Data extracted from a collection:

+ + +

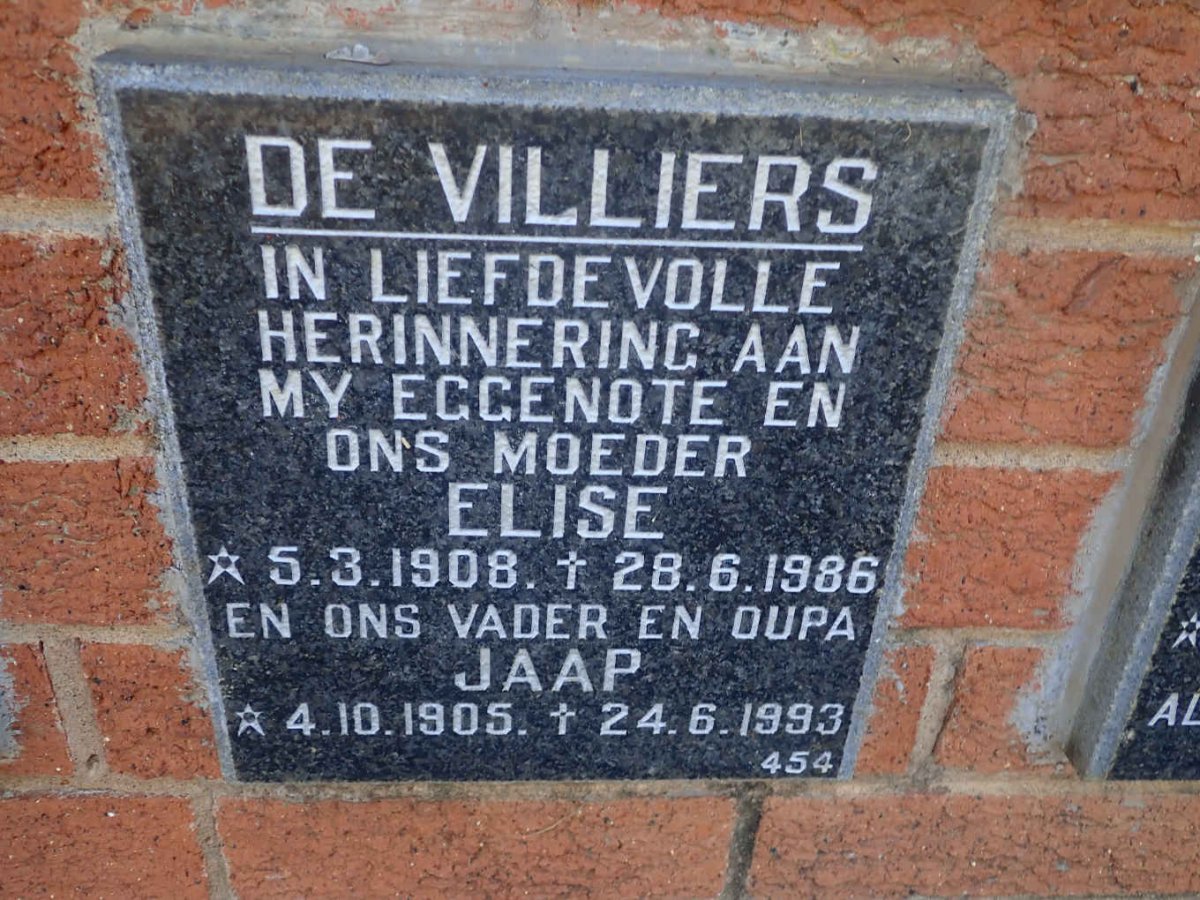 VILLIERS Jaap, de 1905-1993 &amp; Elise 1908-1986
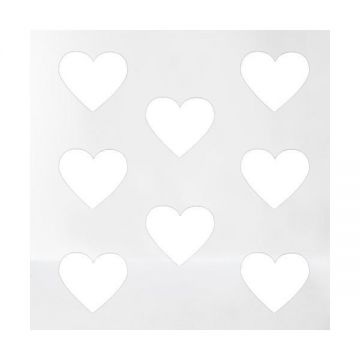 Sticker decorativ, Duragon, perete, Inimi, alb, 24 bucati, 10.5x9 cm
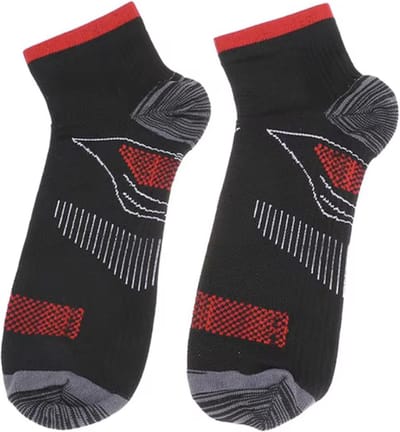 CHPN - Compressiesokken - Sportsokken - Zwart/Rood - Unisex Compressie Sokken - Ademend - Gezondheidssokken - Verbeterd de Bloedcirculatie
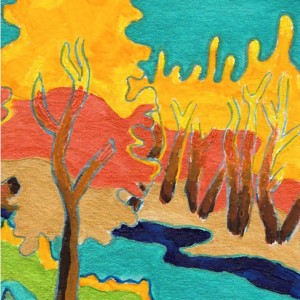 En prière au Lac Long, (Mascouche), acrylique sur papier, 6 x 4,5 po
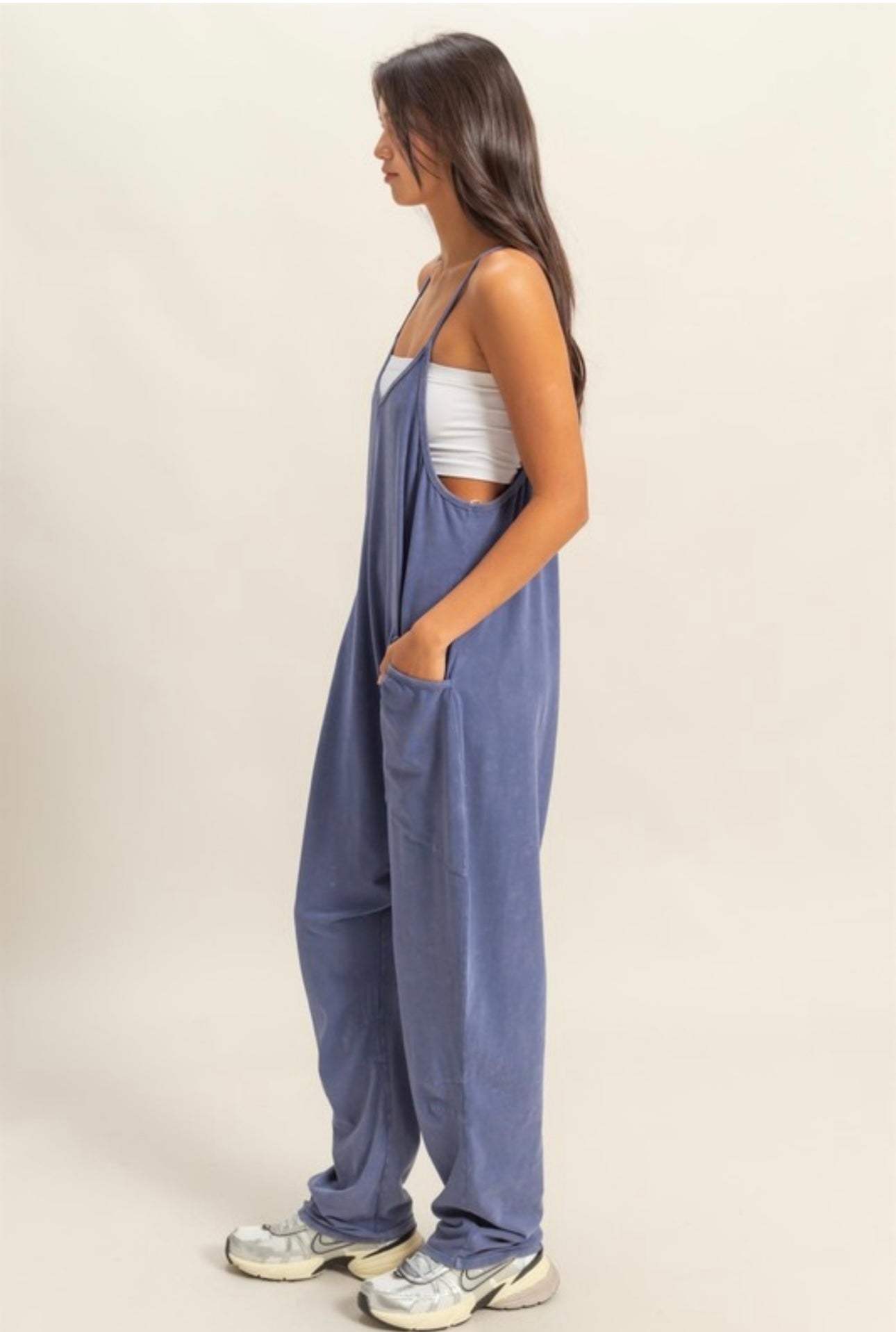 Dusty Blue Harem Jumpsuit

+ + +

Exercise goal: The records above must be echoed exactly, minus their pictures.

Solution to the problem:
 VILLIERS Jaap, de 1905-1993 &amp; Elise 1908-1986
 Sticker decorativ, Duragon, perete, Inimi, alb, 24 bucati, 10.5x9 cm
 CHPN - Compressiesokken - Sportsokken - Zwart/Rood - Unisex Compressie Sokken - Ademend - Gezondheidssokken - Verbeterd de Bloedcirculatie
 En prière au Lac Long, (Mascouche), acrylique sur papier, 6 x 4,5 po
 Dusty Blue Harem Jumpsuit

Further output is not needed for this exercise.